-- Material for this exercise follows --

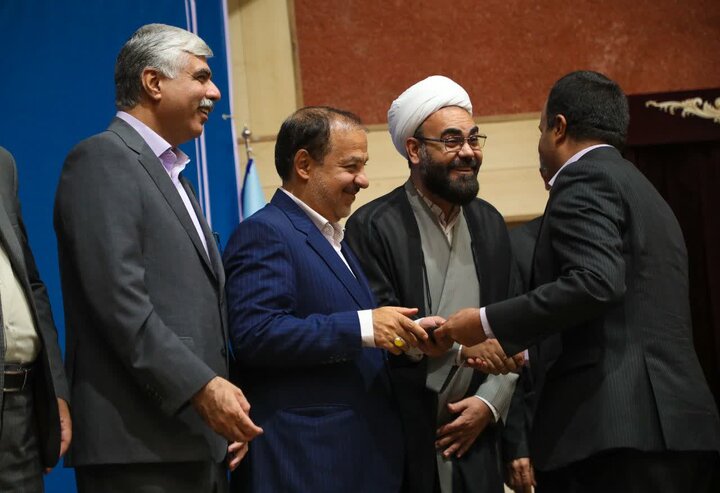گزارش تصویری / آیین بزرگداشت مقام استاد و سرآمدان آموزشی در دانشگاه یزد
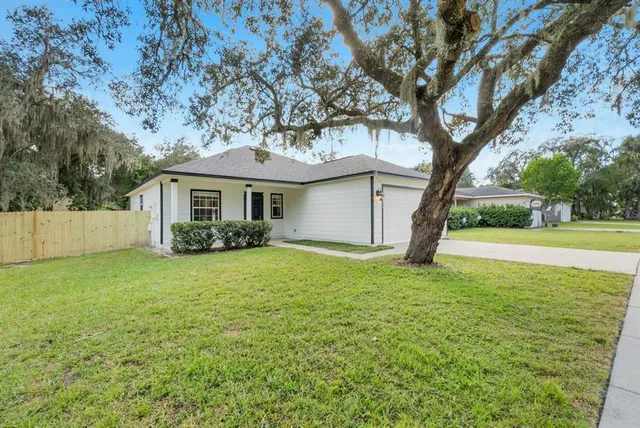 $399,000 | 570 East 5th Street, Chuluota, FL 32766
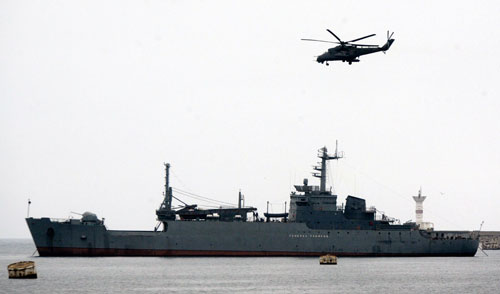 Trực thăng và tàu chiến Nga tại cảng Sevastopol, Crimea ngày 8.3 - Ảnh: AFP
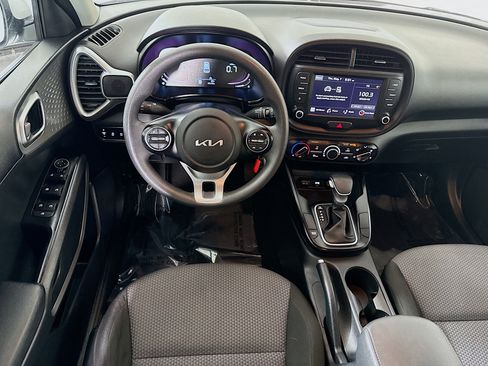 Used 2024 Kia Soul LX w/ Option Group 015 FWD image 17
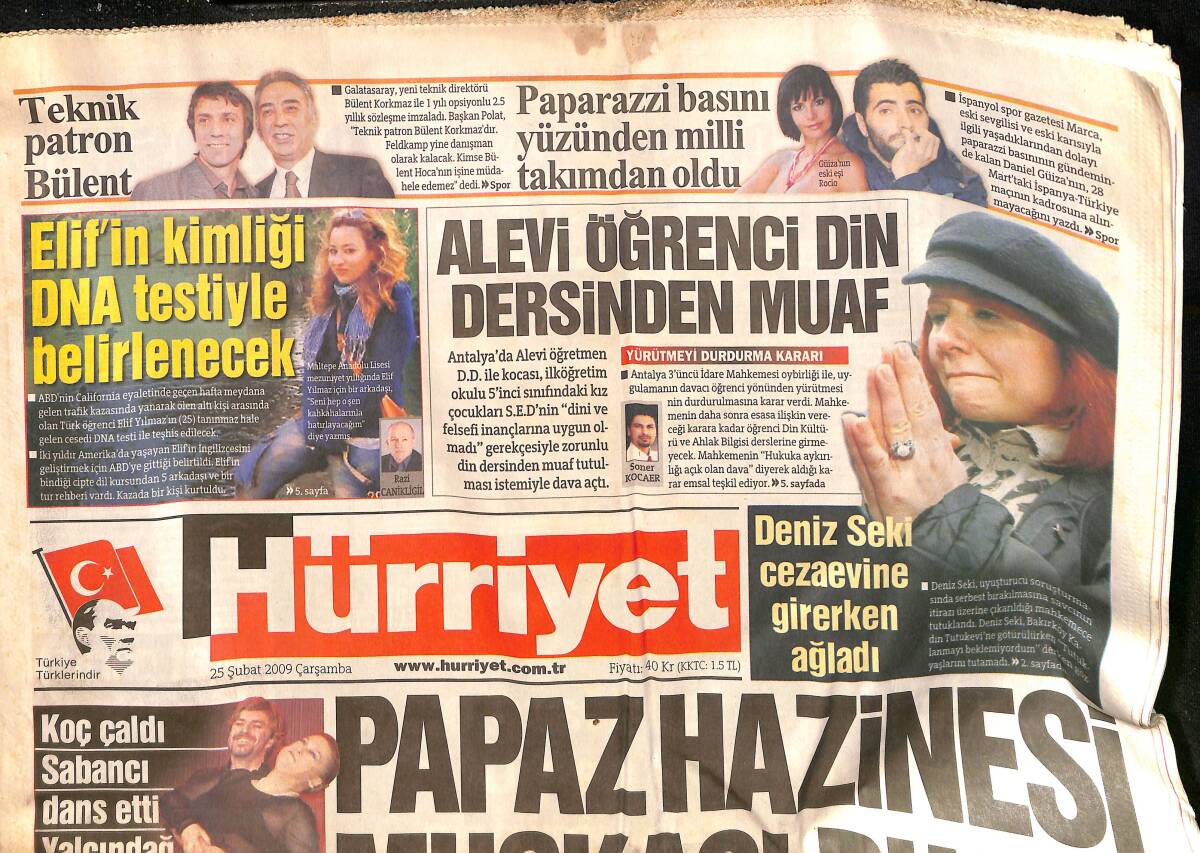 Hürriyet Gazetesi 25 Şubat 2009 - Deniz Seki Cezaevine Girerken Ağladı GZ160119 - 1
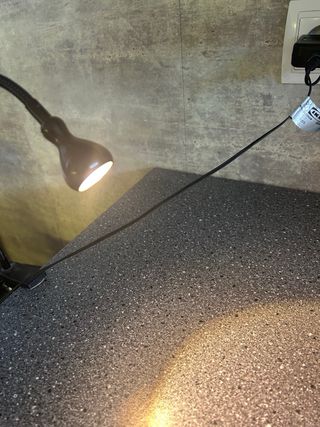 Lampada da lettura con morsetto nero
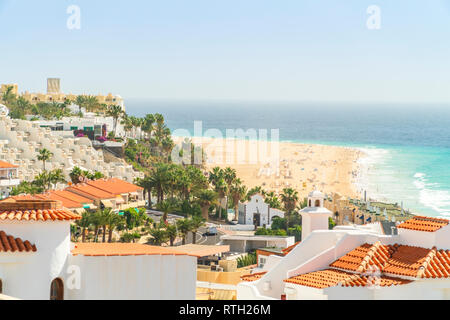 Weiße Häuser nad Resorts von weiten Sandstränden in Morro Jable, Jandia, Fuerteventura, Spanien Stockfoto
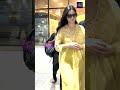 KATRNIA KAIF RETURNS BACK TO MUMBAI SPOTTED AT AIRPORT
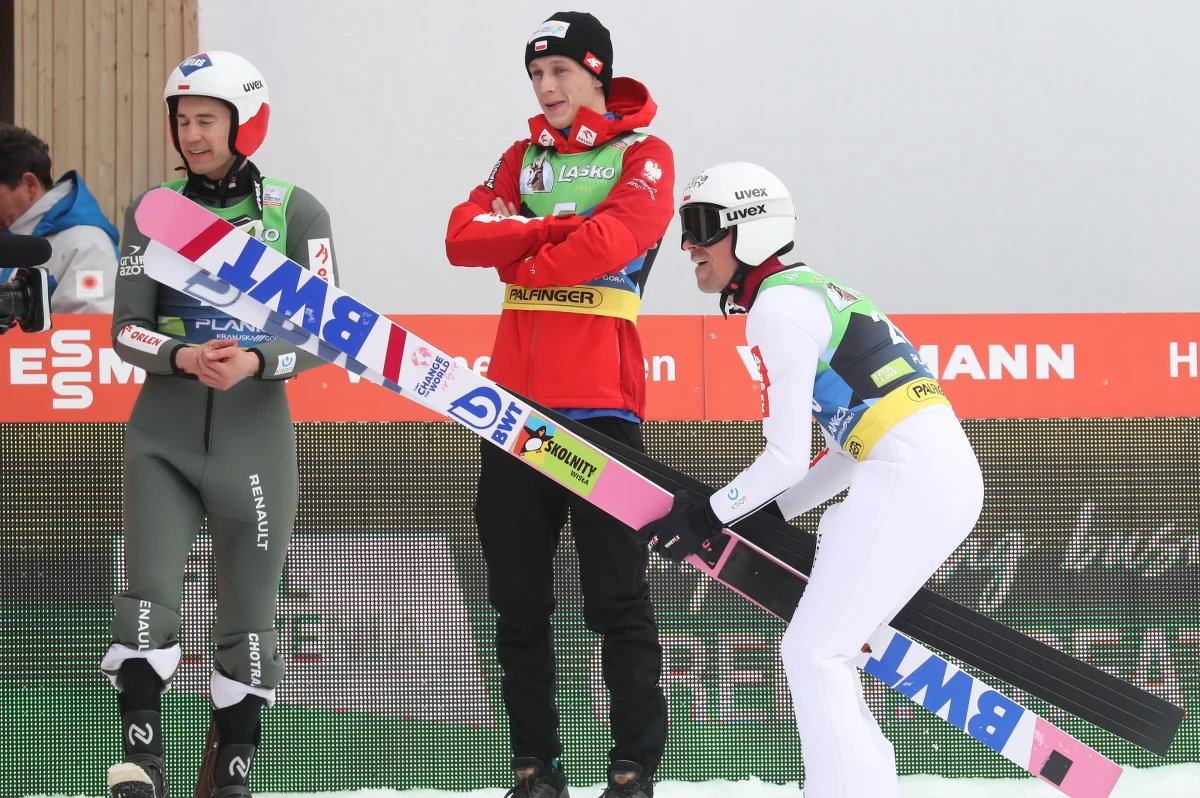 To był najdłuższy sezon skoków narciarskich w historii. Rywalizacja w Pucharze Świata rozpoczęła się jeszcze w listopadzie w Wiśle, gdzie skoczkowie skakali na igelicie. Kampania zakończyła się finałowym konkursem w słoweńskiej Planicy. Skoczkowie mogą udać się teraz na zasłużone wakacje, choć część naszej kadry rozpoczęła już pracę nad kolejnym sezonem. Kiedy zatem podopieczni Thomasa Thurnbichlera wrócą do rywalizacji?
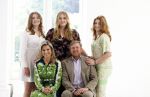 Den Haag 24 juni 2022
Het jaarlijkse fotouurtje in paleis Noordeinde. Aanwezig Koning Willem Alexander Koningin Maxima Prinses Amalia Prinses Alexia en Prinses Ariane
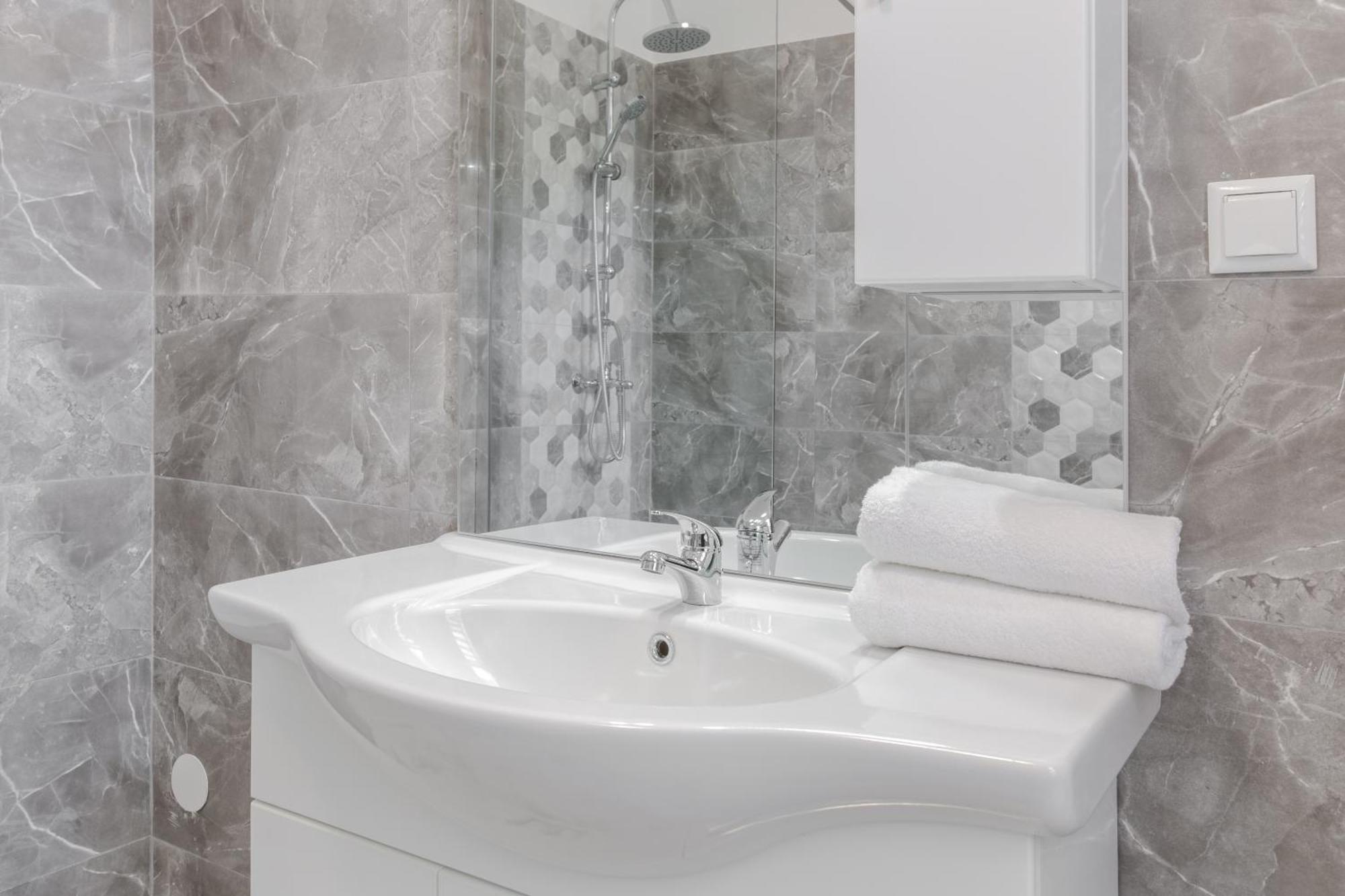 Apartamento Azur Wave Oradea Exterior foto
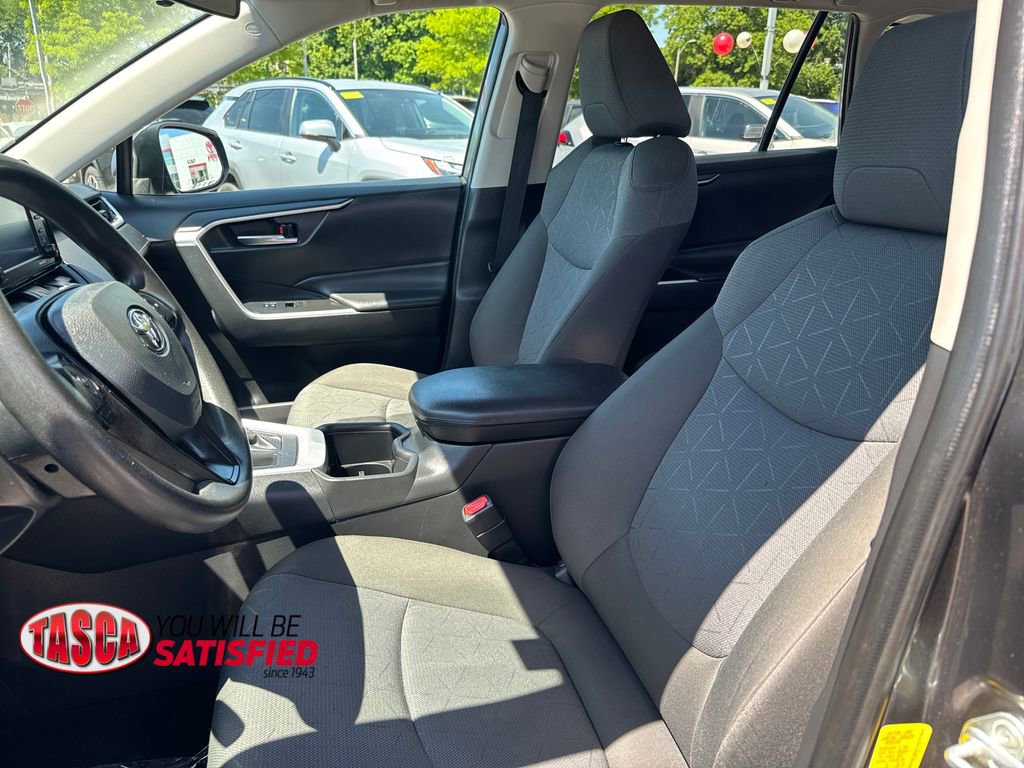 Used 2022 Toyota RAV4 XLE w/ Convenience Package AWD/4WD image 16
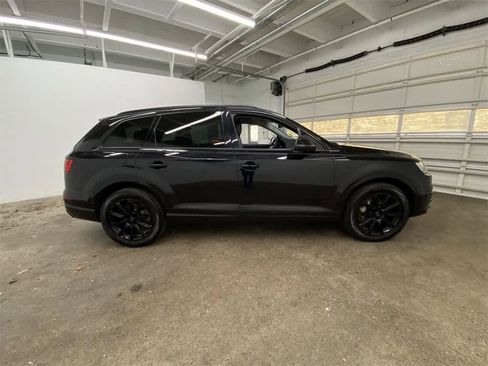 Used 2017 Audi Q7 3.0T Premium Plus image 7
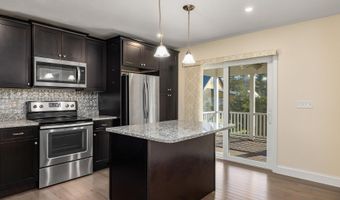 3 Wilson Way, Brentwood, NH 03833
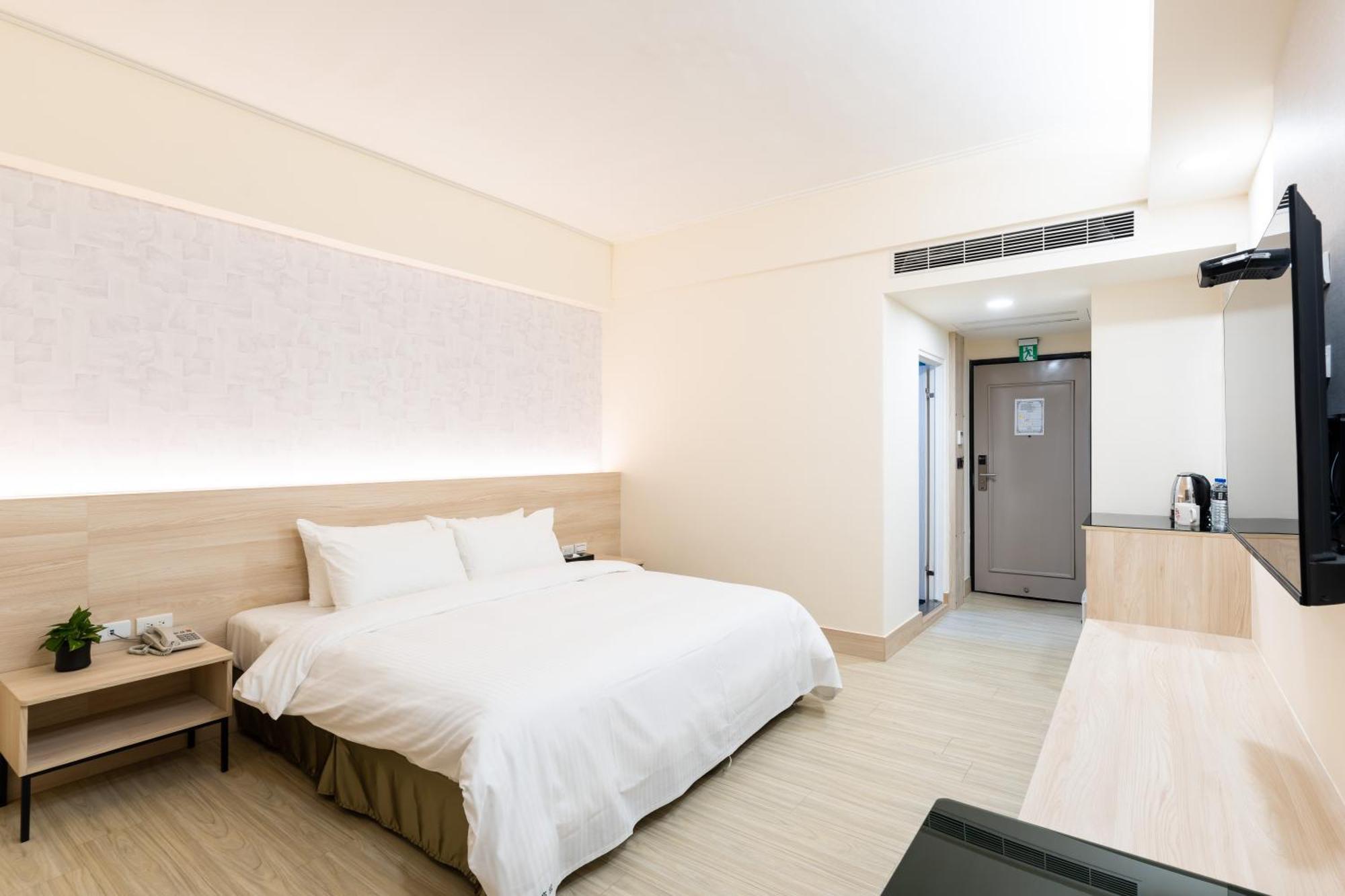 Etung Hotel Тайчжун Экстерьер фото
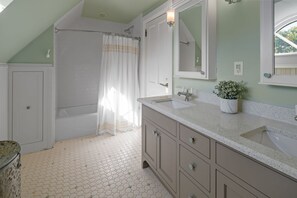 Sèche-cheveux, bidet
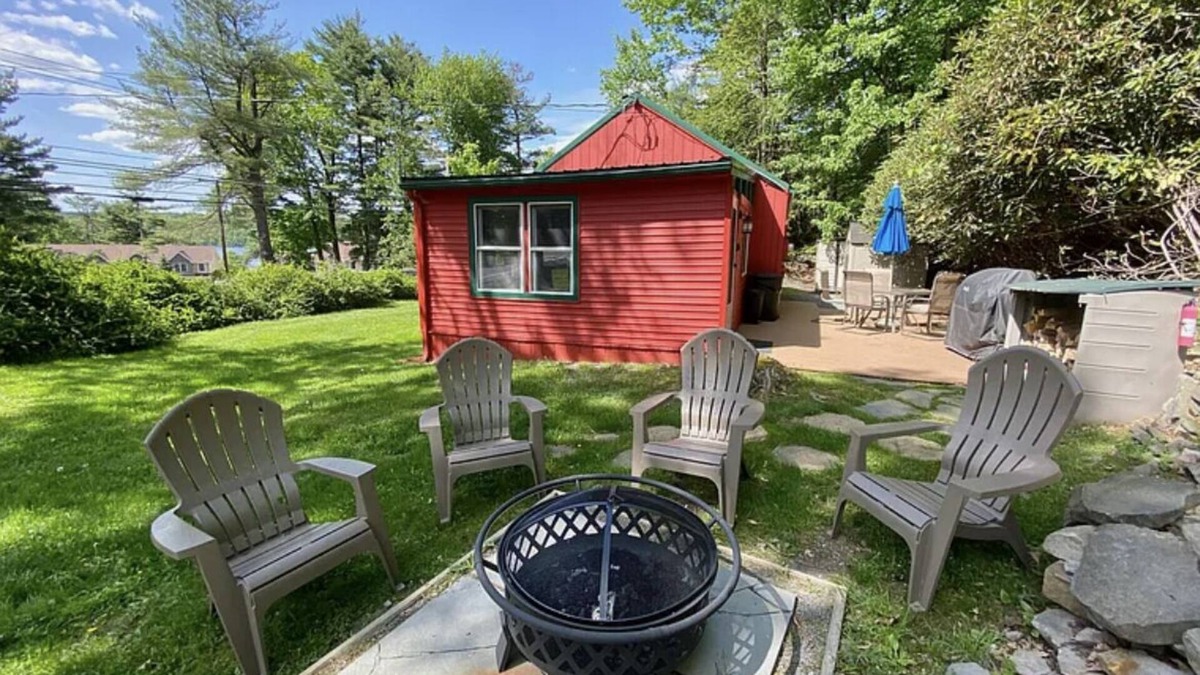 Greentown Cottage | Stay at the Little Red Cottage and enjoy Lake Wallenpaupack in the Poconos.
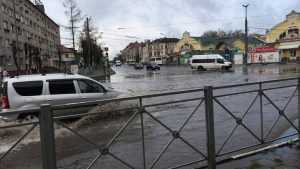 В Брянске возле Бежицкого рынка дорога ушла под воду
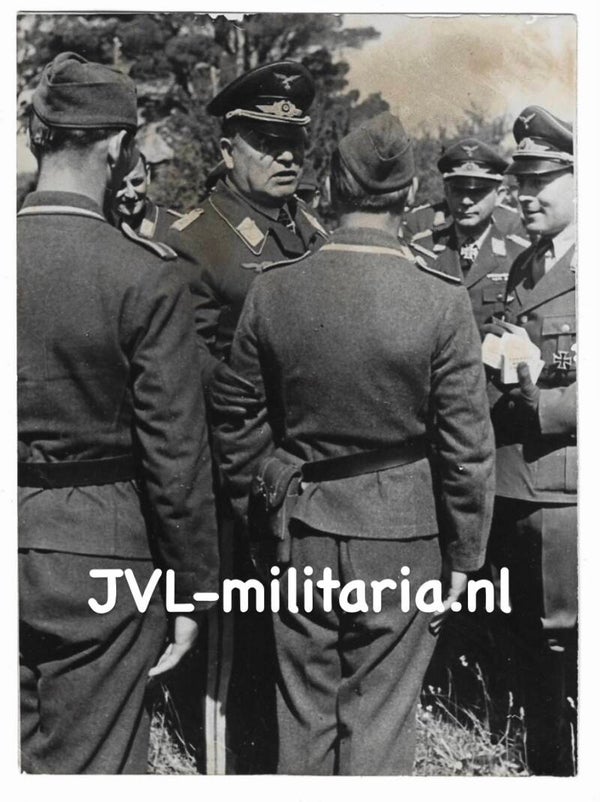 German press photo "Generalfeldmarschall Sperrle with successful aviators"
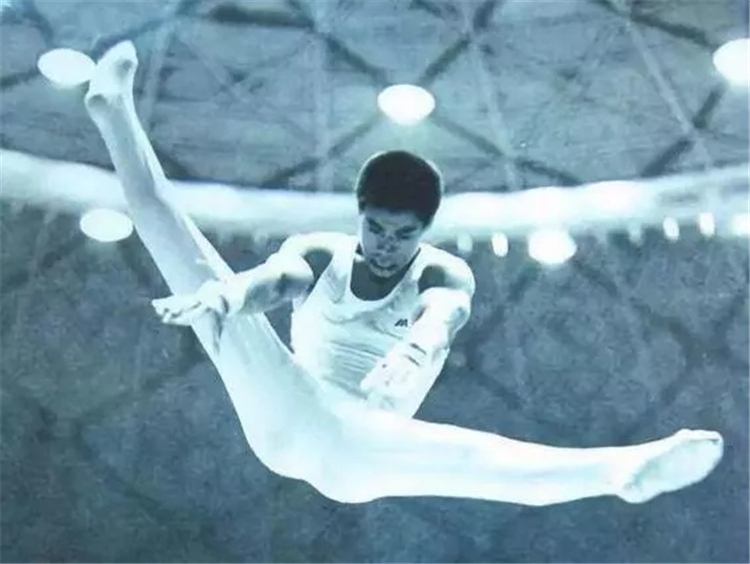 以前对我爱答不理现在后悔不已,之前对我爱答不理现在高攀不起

-- Material for this exercise concluded --

[Task to complete]
Please leave out the pictures as you reproduce the lines exactly, from the first line of the entries through the line containing "Used 2024 Kia".

[Result of the task]
گزارش تصویری / آیین بزرگداشت مقام استاد و سرآمدان آموزشی در دانشگاه یزد
 $399,000 | 570 East 5th Street, Chuluota, FL 32766
 Trực thăng và tàu chiến Nga tại cảng Sevastopol, Crimea ngày 8.3 - Ảnh: AFP
 Used 2024 Kia Soul LX w/ Option Group 015 FWD image 17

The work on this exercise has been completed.